>>Tamar Kasriel, head of knowledge venturing, The Henley Centre

Now that the battle for M& S is over, it’s fair to say that pretty much everything about it has come down to price - and not just how much Philip Green would have needed to stump up.
The tough competitive environment of grocery means that Stuart Rose will inevitably review the pricing proposition of M& S’s food business. If so, this could see the rollout of the Simply Food format halted, although it would not be advisable to axe it.
However, a ‘can’t beat ’em, join ’em’ mentality that threatens to drag M&S’s good food reputation down into this deal-driven, sales-promotional, horse-trading arena could be a mistake.
The average person does not go to M&S to do a proper weekly shop - people pop in for their favourite things that they know taste better there and because they trust they always will. They go there for party food, or to do a top up shop.
M&S food is considered as something special, interesting or trusted, bought as a treat or a gift. Recent advertising campaigns for the food ranges have concentrated on this indulgence factor to good effect.
People are less likely to visit M&S for an economy shop or bargain.
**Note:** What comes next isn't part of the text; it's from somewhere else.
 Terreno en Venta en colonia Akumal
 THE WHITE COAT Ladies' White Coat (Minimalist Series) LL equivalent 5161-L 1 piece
M&S has always protected the integrity of its food offer by remaining somewhat aloof. Its brand has not been devalued by entering the price war of the major supermarkets.
You rarely see ‘reduced to clear’ items in M&S, in part due to healthy consumer demand but also because the retailer strives to avoid the negative image it portrays. M&S food is rarely sold passed its best and consequently consumer trust remains high.
There is evidence to suggest that consumers are still prepared to pay for assured quality and choice.
This has long been M&S’s winning formula for food and one it should continue to build upon. It has been able to cater to everyone across the age and lifestage spectrum. Where else can you buy organic children’s food, sumptuous TV dinners, calorie-controlled ranges and traditional custard tarts all produced by one trusted brand? That’s not to mention its dominance of the lunchtime trade.
A customer who walks into M&S’s food hall is met with a proliferation of appealing brands and choice - an experience notably lacking in some areas of the clothes business, such as womenswear, where the
store layout feels tired and outdated. Indeed, the stylish treatment of the Autograph area only serves to reinforce the outdated look of other parts of the store. Perhaps no wonder so many are voting with their feet and taking their custom elsewhere.
With its food, M&S has managed to balance good, old-fashioned retailing principles with consumer awareness and innovation. Each dish still feels bespoke, yet the retailer has embraced trends and given consumers what they want such as organic baby food or low carb alternatives.
To stay one step ahead, M&S should be aiming higher, not downgrading. The indulgent experience of its food is a concept that should be informing the rest of the business more in future.
For example, why can’t you taste more of the food you buy in M&S, like you can in specialist delis? M&S still provides a more obvious springboard into the deli experience than some of the main supermarkets reconfiguring their food halls with Olde Worlde deli style. It could broaden the appeal of this gourmet experience and apply it to a broader market as Britain’s love affair with food and cooking continues to grow and more of us consider ourselves budding connoisseurs.
So far, in food, M&S has remained strong. But it should not feel invulnerable. Its clothing business is testament to this.
If M&S is not careful its food offer could go the way of the rest of the business unless it invests more, not less, in NPD, quality and design. Food has not been known as the heartland of M&S’s business for nothing.